======== Data extracts ========

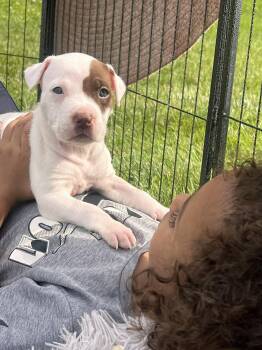 Izzy -  Mixed Breed Dog for Adoption in Clinton, Wisconsin - Izzy | PetCurious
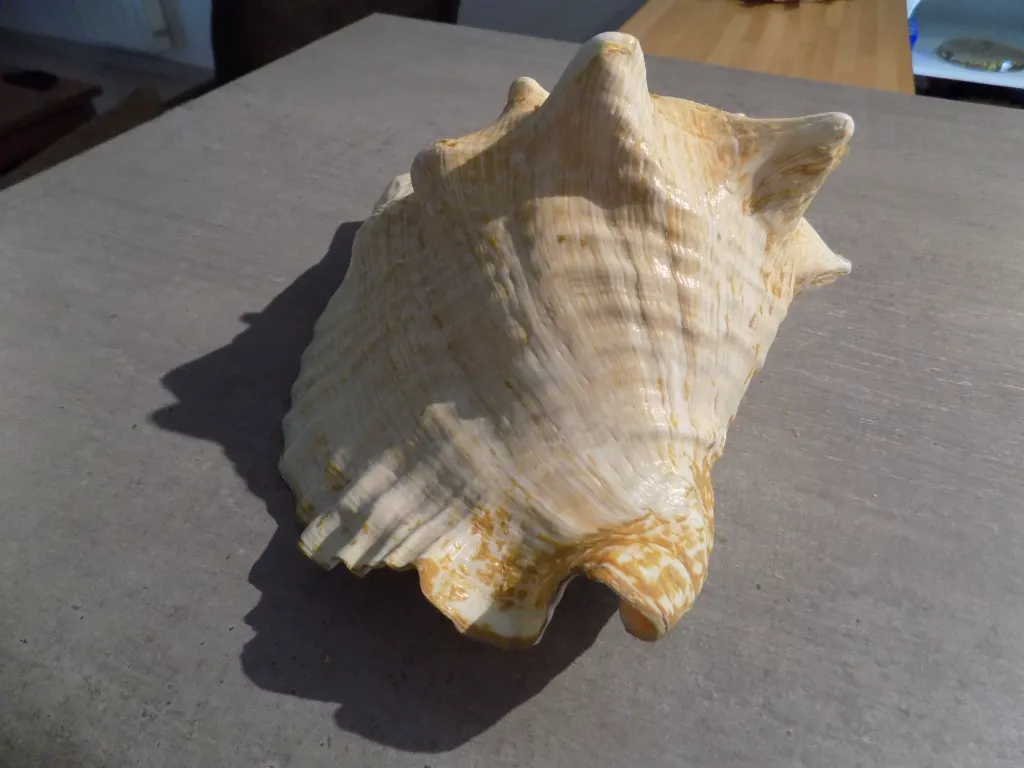 DSCN2698.webp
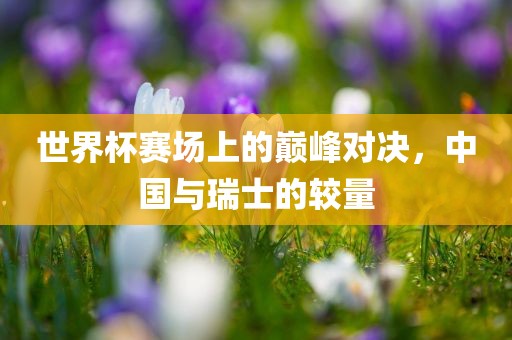世界杯赛场上的巅峰对决，中国与瑞士的较量吉安市靖泰电力工程有限公司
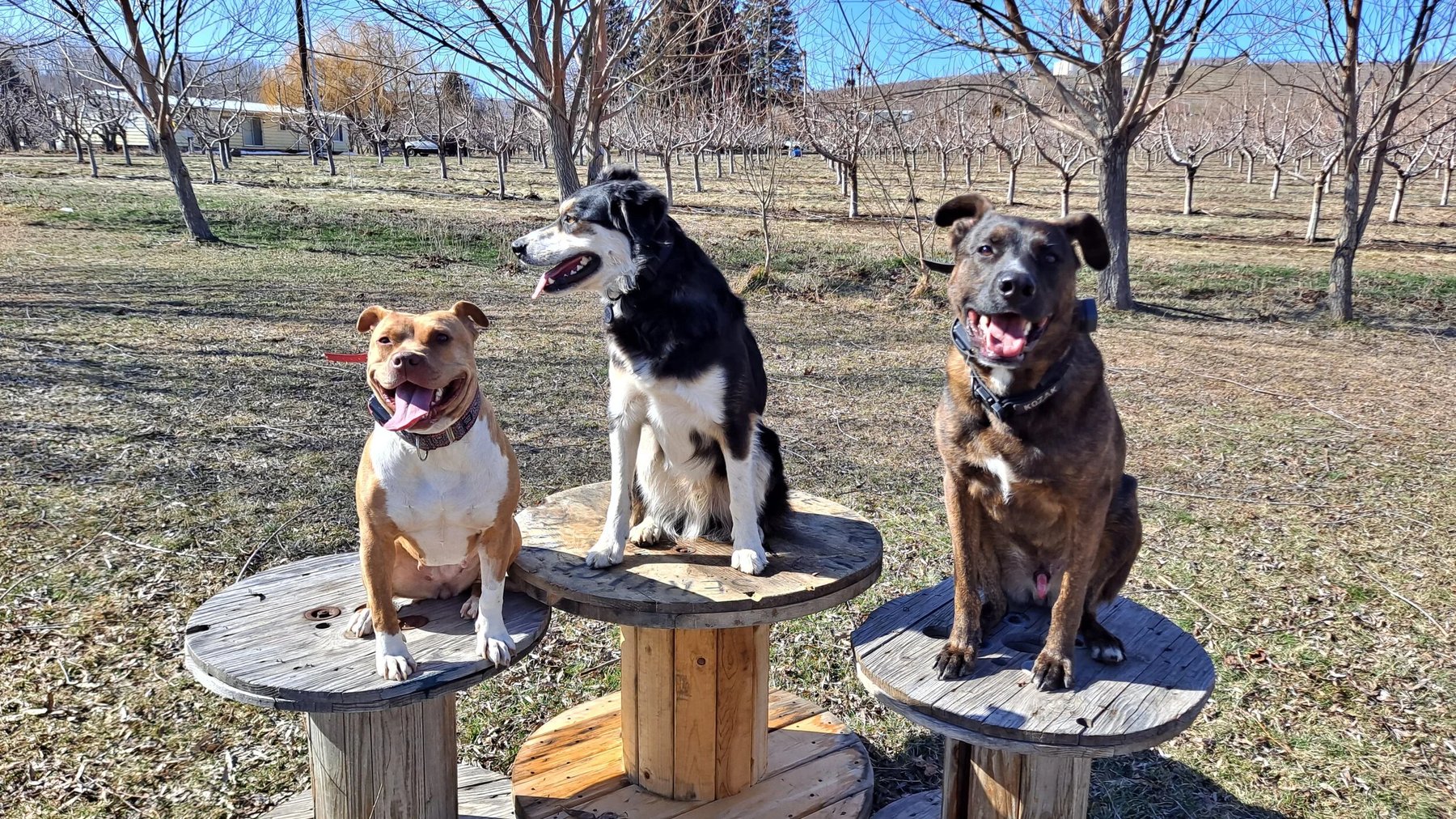 Hounds From Hell Dog Training and Rehabilitation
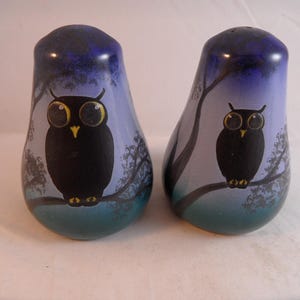 May include: A pair of ceramic salt and pepper shakers. Each shaker is pear-shaped and features a black owl perched on a branch against a gradient background of blue and teal. The owl has large yellow eyes.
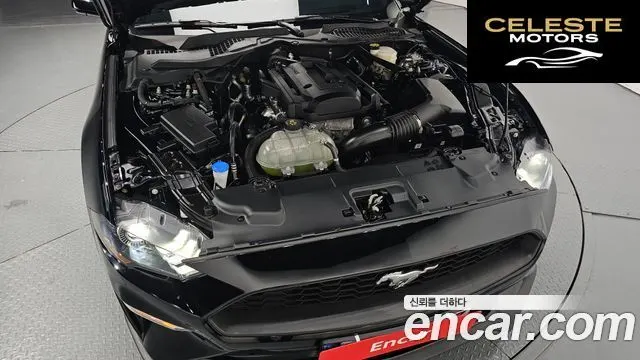 FORD Coupé 2023 — photo 6 sur 32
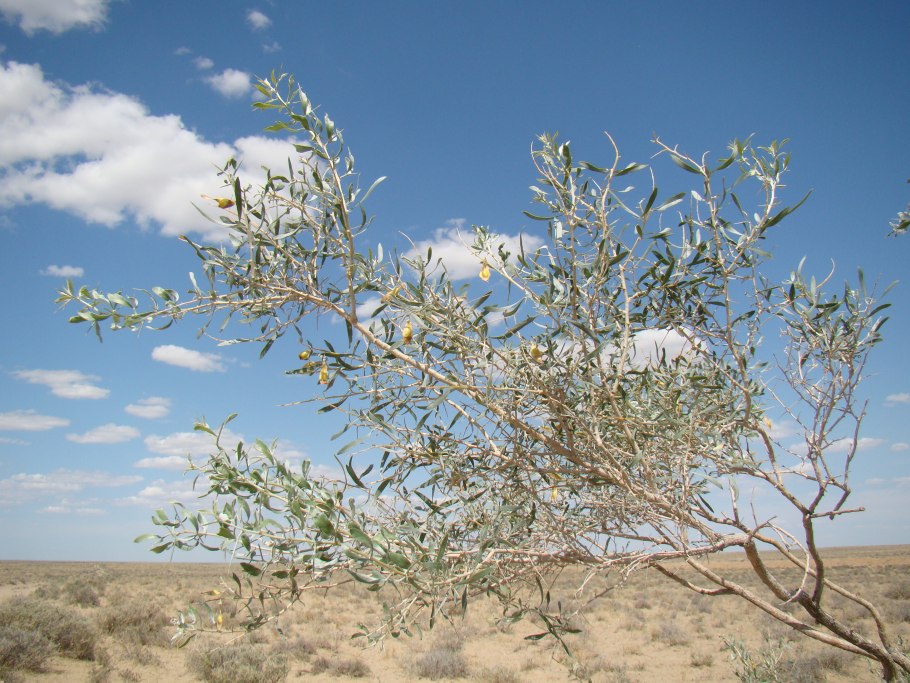 Песчаная Акация(ammodendron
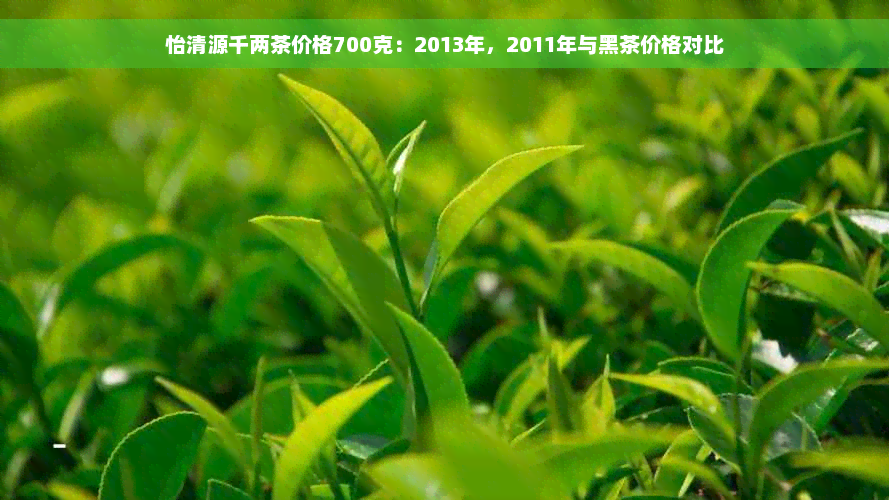 怡清源千两茶价格700克：2013年，2011年与黑茶价格对比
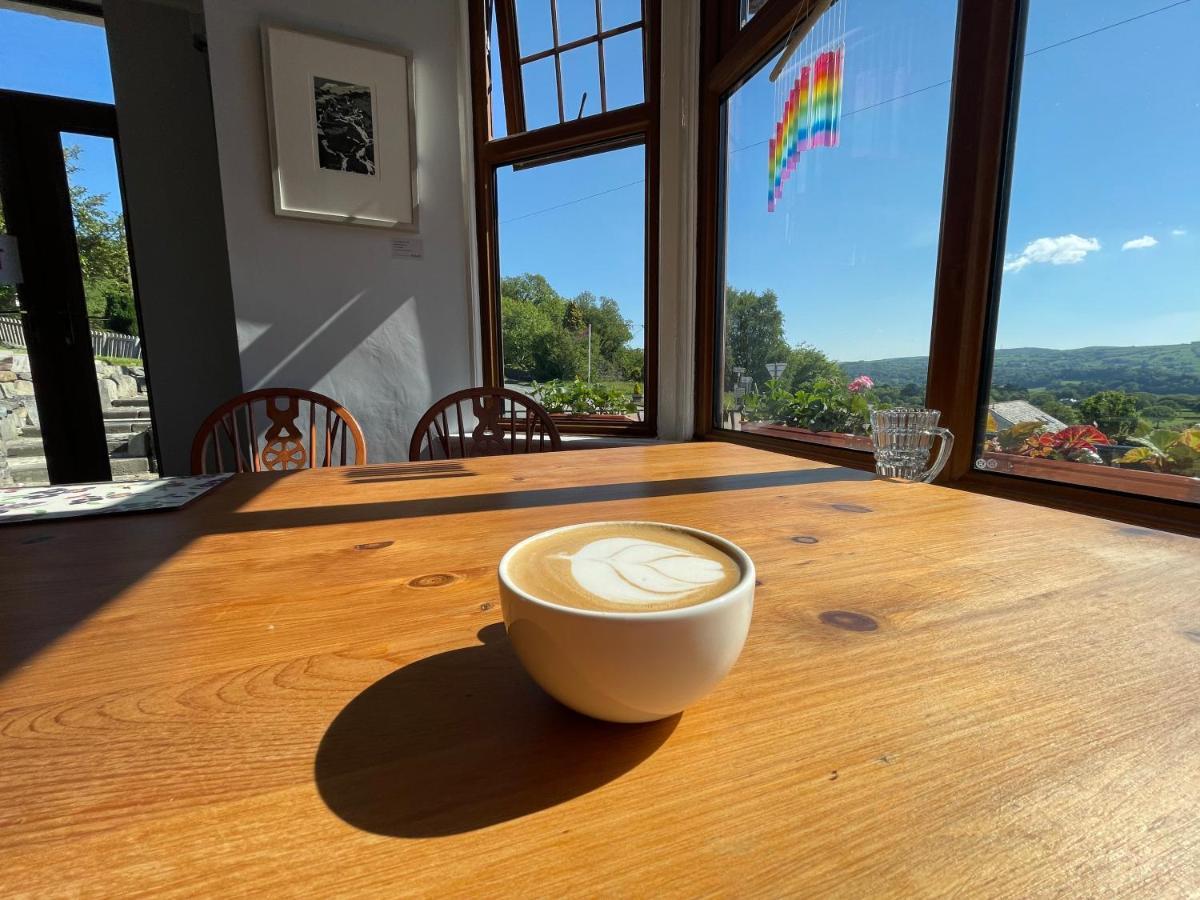 Y Llew Coch Bed & Breakfast Conwy Ngoại thất bức ảnh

========

_What needs to be done:_ Could you transcribe every entry above exactly, leaving out the images?

_Written solution:_
 Izzy -  Mixed Breed Dog for Adoption in Clinton, Wisconsin - Izzy | PetCurious
 DSCN2698.webp
世界杯赛场上的巅峰对决，中国与瑞士的较量吉安市靖泰电力工程有限公司
 Hounds From Hell Dog Training and Rehabilitation
 May include: A pair of ceramic salt and pepper shakers. Each shaker is pear-shaped and features a black owl perched on a branch against a gradient background of blue and teal. The owl has large yellow eyes.
 FORD Coupé 2023 — photo 6 sur 32
 Песчаная Акация(ammodendron
 怡清源千两茶价格700克：2013年，2011年与黑茶价格对比
 Y Llew Coch Bed & Breakfast Conwy Ngoại thất bức ảnh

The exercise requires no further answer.